14:40-15:40 Room 117
Valerii Sopin (HSE Moscow)
Trees, Bagging, Random Forests and Boosting

Information: Toshitake Kohno, Graduate School of Mathemarical Sciences, the University of Tokyo

Titles and Abstracts of Lectures

Philip B. Stark
Title: Foundations of Statistics and an Introduction to Statistical Inference
These lectures will complement those of Prof. Koike by focusing on foundational issues in statistics, statistical inferential thinking, the interpretation of statistical calculations, and nonparametric and exact methods.

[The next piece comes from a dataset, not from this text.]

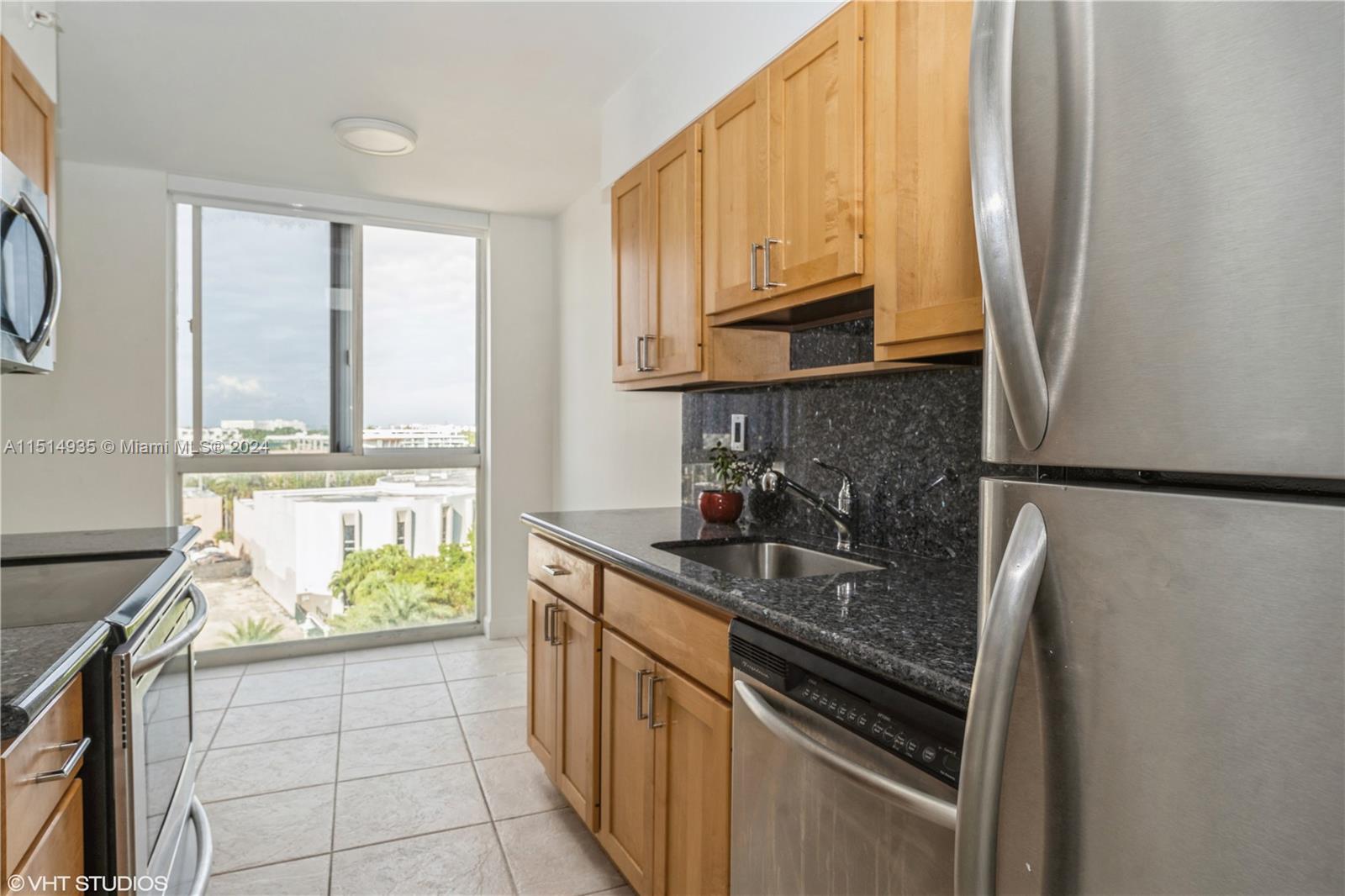 1688 West Ave 703, Miami Beach, Florida 33139, 2 Bedrooms Bedrooms, ,2 BathroomsBathrooms,Residentiallease,For Rent,1688 West Ave 703,A11514935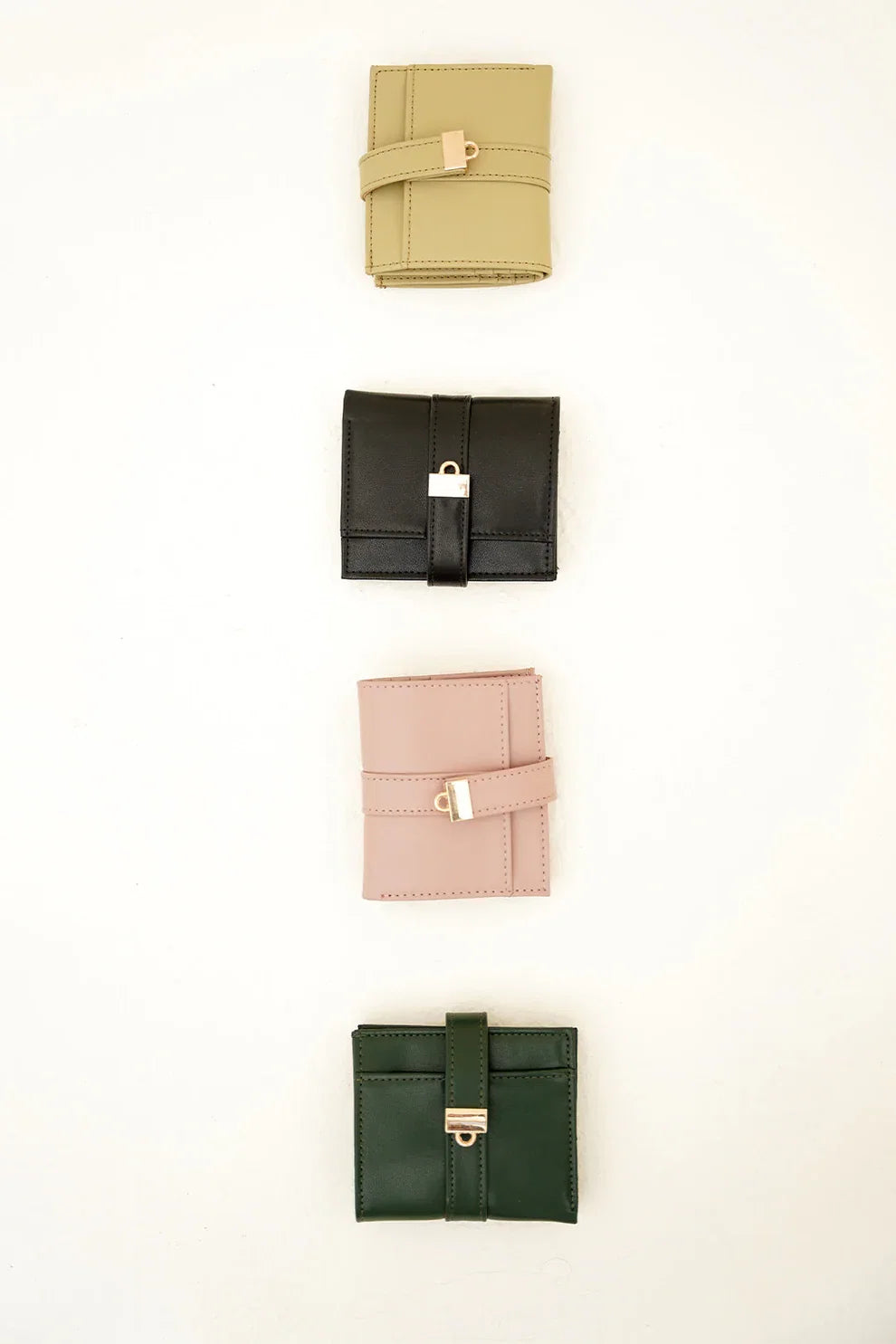 avenza-official-mini-leather-wallet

Topics will include types of uncertainty; theories of probability and their shortcomings; systematic and stochastic errors; frequentist and Bayesian approaches to estimation and inference and their shortcomings; confounding; the method of comparison; the importance of experimental/observational design; assessing estimators; interpreting p-values, confidence sets, posterior probabilities, and credible sets; common fallacies in statistical inference; the Neyman model for causal inference; interference in experiments; abstract permutation methods; pseudo-random number generation; computational implementation of permutation methods and resampling methods in Python. Examples will be drawn from physical, social, and health sciences.

Yuta Koike
Title: Introduction to Statistical Data Analysis
In this lecture we present elementary statistical data analysis methods and their implementation by R. Starting with the basic usage of R, we explain some elementary methods from multivariate analysis such as linear regression, principal component analysis and discriminant analysis and how to implement them by R. This lecture focuses on the practical implementation of the methods rather than the theoretical details.